**What to do**
Within the data below, determine how many lines contain "Product" and supply only that figure.

**Record set**
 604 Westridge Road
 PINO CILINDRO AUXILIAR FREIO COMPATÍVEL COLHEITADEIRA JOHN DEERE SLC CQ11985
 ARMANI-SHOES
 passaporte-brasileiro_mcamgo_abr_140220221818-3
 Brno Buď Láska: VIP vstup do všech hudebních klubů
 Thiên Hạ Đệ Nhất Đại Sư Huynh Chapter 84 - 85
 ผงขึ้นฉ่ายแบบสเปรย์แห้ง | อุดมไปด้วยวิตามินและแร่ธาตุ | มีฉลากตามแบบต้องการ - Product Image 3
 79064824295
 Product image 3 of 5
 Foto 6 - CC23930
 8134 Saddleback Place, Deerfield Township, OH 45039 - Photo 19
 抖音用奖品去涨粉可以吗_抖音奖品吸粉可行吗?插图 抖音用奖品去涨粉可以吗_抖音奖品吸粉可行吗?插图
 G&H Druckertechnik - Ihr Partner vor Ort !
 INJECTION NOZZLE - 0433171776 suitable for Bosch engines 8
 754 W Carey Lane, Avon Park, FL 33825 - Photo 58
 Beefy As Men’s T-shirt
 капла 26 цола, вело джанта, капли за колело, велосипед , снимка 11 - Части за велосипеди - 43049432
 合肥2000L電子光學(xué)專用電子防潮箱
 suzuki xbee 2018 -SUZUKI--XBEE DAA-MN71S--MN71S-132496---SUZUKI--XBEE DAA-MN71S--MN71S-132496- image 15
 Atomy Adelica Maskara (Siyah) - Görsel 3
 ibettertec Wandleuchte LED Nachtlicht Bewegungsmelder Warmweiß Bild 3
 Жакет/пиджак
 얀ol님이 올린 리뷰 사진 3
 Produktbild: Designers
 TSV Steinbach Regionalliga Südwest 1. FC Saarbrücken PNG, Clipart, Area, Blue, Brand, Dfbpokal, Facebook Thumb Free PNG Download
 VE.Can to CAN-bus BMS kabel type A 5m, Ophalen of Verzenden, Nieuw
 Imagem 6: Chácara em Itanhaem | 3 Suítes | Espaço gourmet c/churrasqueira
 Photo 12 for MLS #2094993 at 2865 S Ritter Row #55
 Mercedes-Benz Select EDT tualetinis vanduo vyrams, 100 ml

**Answer**
2